== PROBLEM ==
Whenever a line in the records below contains "image", pick it out.

....

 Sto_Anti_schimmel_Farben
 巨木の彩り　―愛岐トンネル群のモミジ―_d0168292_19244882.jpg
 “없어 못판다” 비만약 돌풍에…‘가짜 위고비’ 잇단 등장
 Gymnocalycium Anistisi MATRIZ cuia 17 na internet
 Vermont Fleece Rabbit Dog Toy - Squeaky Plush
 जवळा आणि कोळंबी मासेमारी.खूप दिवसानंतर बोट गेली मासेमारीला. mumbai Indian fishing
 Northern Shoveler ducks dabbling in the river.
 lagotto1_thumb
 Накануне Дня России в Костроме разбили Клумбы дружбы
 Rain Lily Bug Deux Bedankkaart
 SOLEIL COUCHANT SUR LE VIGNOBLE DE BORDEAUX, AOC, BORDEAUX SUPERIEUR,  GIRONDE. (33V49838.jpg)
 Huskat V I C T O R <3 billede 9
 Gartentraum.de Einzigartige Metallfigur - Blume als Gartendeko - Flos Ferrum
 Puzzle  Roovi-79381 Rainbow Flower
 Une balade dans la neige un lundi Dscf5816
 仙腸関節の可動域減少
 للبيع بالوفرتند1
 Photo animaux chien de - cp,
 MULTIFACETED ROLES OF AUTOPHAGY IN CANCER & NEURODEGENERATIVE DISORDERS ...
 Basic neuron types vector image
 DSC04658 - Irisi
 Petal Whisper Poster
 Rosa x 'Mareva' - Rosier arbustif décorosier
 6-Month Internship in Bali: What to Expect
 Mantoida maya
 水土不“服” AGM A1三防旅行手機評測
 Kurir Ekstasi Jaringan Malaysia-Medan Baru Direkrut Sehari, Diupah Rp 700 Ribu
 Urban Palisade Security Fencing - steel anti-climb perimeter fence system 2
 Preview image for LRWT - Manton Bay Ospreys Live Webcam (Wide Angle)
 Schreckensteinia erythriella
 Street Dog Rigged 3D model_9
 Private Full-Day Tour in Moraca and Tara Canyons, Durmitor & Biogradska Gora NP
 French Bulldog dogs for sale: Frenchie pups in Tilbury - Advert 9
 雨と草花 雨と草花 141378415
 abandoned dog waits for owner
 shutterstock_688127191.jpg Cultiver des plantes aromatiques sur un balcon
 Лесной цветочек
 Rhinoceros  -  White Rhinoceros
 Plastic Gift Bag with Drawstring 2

....

== RESPONSE ==
 Basic neuron types vector image
 Preview image for LRWT - Manton Bay Ospreys Live Webcam (Wide Angle)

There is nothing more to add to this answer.